На часах было едва только начало одиннадцатого, когда, забив поглубже в уши затычки и погрузившись в безмолвие, он выключил свет и, наслаждаясь тишиной, забрался под простыню.

Что ж, неплохо, — подумал он. — Похоже, завтра будет ранний подъем.

Лежа в кровати и мерно, глубоко дыша, он мечтал о сне. Но тишина не помогала. Они все равно стояли перед его глазами — люди с блеклыми лицами, непрестанно слоняющиеся вокруг дома и отыскивающие лазейку, чтобы добраться до него. Он видел их, ходящих или, быть может, сидящих, как псы на задних лапах, с горящим взглядом, обращенным к дому, алчно скрежещущих зубами…

А женщины…

Что, опять о них?..

Выругавшись, он перевернулся на живот, вжался лицом в горячую подушку и замер, тяжело дыша, стараясь расслабиться.

Господи, дай мне дожить до утра, — в его сознании вновь и вновь рождались слова, приходившие каждую ночь, — Господи, ниспошли мне утро!

Вскрикивая во сне, он мял и комкал простыню, хватая ее как безумный, не находя себе покоя…

Ему снилась Вирджиния.

2

Просыпался он всегда одинаково. Выпростав из-под простыни занемевшую руку, он достал со столика сигареты, закурил и лишь затем сел. Вынув из ушей затычки, прислушался. Встал, пересек гостиную и приоткрыл дверцу глазка.

Снаружи, на лужайке, словно почетный караул, безмолвно застыли темные фигуры.

Медленно, словно нехотя, они покидали свои посты и понемногу удалялись.
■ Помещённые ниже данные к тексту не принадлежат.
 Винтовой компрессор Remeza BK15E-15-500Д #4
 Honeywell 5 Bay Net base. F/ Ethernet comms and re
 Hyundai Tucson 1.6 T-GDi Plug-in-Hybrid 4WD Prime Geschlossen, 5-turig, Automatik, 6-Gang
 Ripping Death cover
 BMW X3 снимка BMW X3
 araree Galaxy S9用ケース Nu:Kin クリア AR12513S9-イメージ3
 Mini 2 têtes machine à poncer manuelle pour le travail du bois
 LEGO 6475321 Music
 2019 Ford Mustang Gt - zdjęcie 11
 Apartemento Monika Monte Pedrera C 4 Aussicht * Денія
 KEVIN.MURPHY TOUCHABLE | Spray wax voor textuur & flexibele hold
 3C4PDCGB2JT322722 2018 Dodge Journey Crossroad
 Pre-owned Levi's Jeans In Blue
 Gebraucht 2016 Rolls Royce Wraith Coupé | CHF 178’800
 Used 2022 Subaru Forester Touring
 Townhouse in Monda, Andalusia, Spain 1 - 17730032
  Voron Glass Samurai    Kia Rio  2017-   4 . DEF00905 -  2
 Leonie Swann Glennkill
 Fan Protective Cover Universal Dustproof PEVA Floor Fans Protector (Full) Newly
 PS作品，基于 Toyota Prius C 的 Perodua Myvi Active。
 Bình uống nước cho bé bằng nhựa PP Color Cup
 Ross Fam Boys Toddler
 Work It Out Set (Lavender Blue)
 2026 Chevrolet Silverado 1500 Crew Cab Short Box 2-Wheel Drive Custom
Нэвилль слышал их недовольное бормотание.

Вот и еще одна ночь прошла… Вернувшись в спальню, он включил свет и оделся. Натягивая рубашку, он еще раз услышал крик Бена Кортмана:

— Выходи, Нэвилль!

Вот и все. После этого они расходились. Истощенные, ослабленные, утратившие свой пыл. Если, конечно, они не набрасывались на кого-нибудь из своих, что бывало довольно часто. Среди них не наблюдалось никакого единства.